A bash script called runval.sh is provided to test your cachefree() function. The bash script utilizes a tool called valgrind to test if your memory is correctly released, if not, valgrind will report memory leaks. valgrind eventually will call lru-test6, thus before running this script, you need to run make so as to compile lru-test6.c and generate lru-test6. Once it is generated, the expected results are like the following:

(base) [jidongxiao@onyx lru]$ ./runval.sh 
==603794== Memcheck, a memory error detector
==603794== Copyright (C) 2002-2017, and GNU GPL'd, by Julian Seward et al.
==603794== Using Valgrind-3.17.0 and LibVEX; rerun with -h for copyright info
==603794== Command: ./lru-test6
==603794== 
what we get from the cache are [4 3 2 -1 -1 2 3 -1 5]
==603794== 
==603794== HEAP SUMMARY:
==603794==     in use at exit: 0 bytes in 0 blocks
==603794==   total heap usage: 7 allocs, 7 frees, 81,168 bytes allocated
==603794== 
==603794== All heap blocks were freed -- no leaks are possible
==603794== 
==603794== For lists of detected and suppressed errors, rerun with: -s
==603794== ERROR SUMMARY: 0 errors from 0 contexts (suppressed: 0 from 0)

As you can see, if your cachefree() function is implemented correctly, you should get zero errors and valgrind will report no memory leaks.

Note: if the runval.sh script you checked out is not an executable file, then you need to run "chmod +x runval.sh" to change it to an executable file.

Submission

Due Date: 03/08/2022, 23:59pm. Late submission will not be accepted/graded.

Project Layout

All files necessary for compilation and testing need to be submitted, this includes source code files, header files, the bash script, and Makefile. The structure of the submission folder should be the same as what was given to you.

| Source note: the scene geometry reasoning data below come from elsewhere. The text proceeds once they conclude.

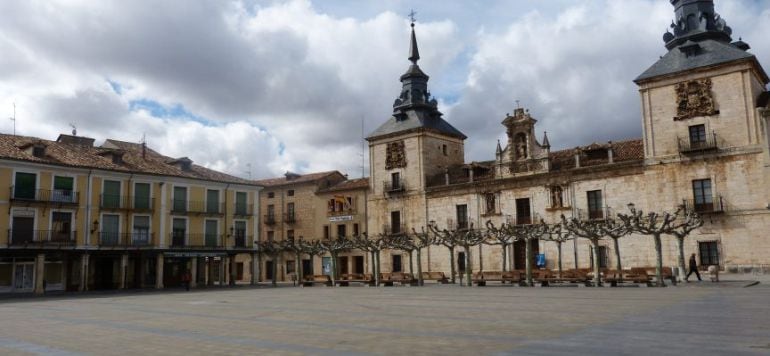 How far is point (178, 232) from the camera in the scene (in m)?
37.5

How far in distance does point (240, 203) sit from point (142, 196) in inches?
255

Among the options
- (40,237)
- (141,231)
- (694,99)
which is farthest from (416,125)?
(40,237)

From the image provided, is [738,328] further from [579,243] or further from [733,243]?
[579,243]

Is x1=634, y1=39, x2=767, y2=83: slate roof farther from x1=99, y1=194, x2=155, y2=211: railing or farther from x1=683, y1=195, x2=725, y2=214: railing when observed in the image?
x1=99, y1=194, x2=155, y2=211: railing

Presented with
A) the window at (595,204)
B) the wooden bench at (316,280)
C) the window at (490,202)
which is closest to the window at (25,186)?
the wooden bench at (316,280)

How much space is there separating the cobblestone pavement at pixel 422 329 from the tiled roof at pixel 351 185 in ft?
102

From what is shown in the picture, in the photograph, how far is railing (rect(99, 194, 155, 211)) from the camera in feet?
113

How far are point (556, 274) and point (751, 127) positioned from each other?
12176 millimetres

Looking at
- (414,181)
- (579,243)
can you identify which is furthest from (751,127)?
(414,181)

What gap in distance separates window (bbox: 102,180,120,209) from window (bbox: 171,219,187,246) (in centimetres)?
353

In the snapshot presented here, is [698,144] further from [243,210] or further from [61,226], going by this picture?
[61,226]


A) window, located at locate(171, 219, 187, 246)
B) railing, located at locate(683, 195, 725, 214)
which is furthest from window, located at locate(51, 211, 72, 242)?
railing, located at locate(683, 195, 725, 214)

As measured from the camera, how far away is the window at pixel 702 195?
31042mm

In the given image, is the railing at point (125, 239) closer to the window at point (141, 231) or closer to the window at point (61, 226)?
the window at point (141, 231) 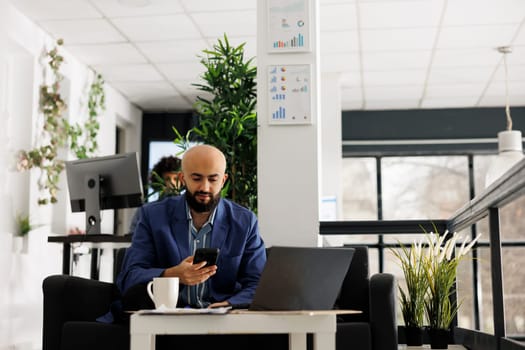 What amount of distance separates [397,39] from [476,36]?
665mm

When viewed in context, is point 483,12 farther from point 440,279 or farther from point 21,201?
point 21,201

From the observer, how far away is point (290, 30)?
12.4 feet

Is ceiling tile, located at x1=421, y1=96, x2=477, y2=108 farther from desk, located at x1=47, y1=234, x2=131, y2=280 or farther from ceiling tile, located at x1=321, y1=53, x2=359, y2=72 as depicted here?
desk, located at x1=47, y1=234, x2=131, y2=280

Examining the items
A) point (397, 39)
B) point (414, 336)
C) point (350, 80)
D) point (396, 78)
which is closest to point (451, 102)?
point (396, 78)

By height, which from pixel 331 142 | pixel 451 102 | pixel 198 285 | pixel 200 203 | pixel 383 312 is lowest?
pixel 383 312

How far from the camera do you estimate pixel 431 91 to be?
320 inches

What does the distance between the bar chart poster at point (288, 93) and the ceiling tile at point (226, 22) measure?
6.97 feet

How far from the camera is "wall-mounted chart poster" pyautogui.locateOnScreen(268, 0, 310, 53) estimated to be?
12.4 ft

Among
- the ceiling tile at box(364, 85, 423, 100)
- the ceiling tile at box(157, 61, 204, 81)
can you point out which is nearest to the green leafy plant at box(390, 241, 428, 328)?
the ceiling tile at box(157, 61, 204, 81)

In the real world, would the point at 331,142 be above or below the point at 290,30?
above

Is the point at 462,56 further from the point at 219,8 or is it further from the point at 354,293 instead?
the point at 354,293

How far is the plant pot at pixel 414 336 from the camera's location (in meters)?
3.76

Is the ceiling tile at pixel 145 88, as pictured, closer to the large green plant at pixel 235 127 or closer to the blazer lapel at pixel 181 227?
the large green plant at pixel 235 127

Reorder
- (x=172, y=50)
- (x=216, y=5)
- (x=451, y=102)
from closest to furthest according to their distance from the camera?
1. (x=216, y=5)
2. (x=172, y=50)
3. (x=451, y=102) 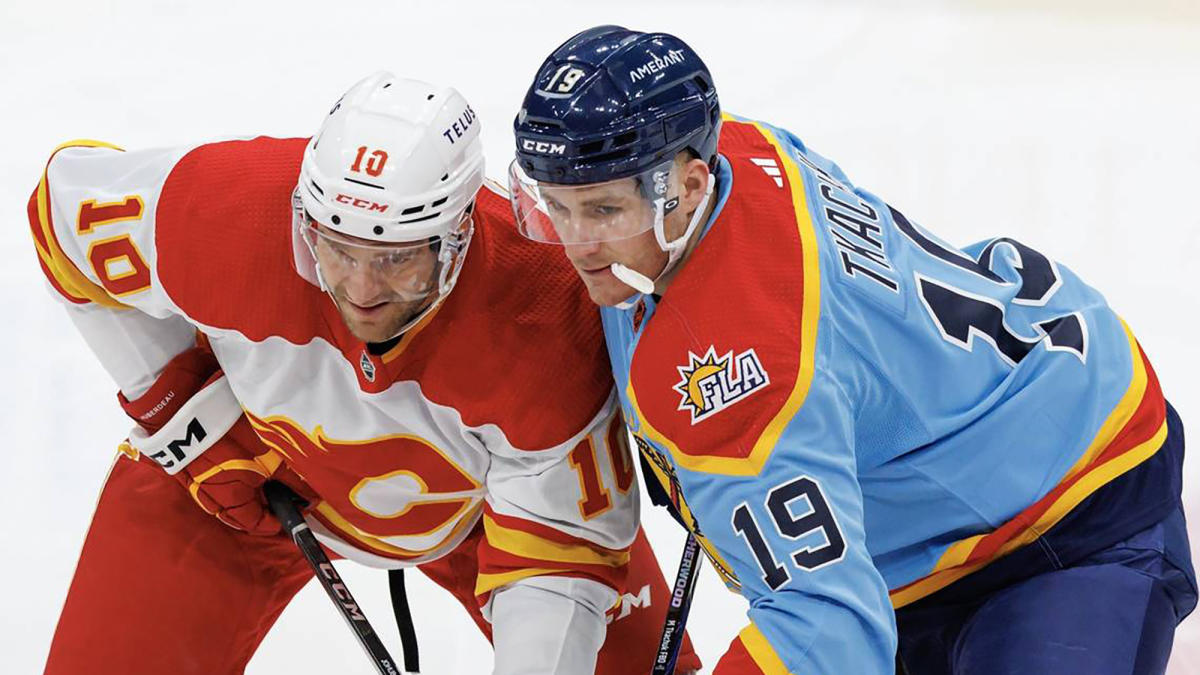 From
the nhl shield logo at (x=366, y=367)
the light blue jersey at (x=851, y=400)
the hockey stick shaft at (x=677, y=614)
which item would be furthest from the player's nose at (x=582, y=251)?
the hockey stick shaft at (x=677, y=614)

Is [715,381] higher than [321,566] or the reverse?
higher

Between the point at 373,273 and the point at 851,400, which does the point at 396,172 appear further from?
the point at 851,400

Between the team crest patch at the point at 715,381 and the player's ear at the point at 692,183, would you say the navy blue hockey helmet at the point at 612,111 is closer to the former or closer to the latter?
the player's ear at the point at 692,183

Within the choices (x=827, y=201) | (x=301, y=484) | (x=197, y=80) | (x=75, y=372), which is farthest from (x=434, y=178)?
(x=197, y=80)

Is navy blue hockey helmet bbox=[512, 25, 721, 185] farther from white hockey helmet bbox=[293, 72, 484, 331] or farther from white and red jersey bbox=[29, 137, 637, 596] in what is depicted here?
white and red jersey bbox=[29, 137, 637, 596]

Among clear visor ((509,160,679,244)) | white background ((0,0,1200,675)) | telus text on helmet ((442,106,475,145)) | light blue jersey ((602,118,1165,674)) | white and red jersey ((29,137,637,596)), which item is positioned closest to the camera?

Grading Rubric (for Undergraduate Students and Graduate Students)

Grade: /100

• [10 pts] Compiling:
  • Each compiler warning will result in a 3 point deduction.
  • You are not allowed to suppress warnings.
• [75 pts] Functional Requirements:
  • lru-test1 produces correct results - /10
  • lru-test2 produces correct results - /10
  • lru-test3 produces correct results - /10
  • lru-test4 produces correct results - /10
  • lru-test5 produces correct results - /10
  • lru-test6 produces correct results - /10
  • O(1) time complexity - you get the pts if you lru-test7 produce similar results as the provided results. - /15
• [5 pts] Valgrind reports no memory leaks or errors:
  • As reported by runval.sh.
  • This is a PASS/FAIL score. 1 error or leaking 1 byte will result in a zero for this section. There is no partial credit for this section.
• [20 pts] Extra Credits:
  • You get 20 extra pts if your program passes all the test cases on Leetcode, see Leetcode problem 146. Note, you need to provide a screenshot in your submission to prove you have passed all the test cases on Leetcode. You will not get these extra points if such a screenshot is not included in your submission.
• [10 pts] Documentation:
  • README.md file (replace this current README.md with a new one using the README template, and do not check in this current README file.)
  • You are required to fill in every section of the README template, missing 1 section will result in a 2-point deduction.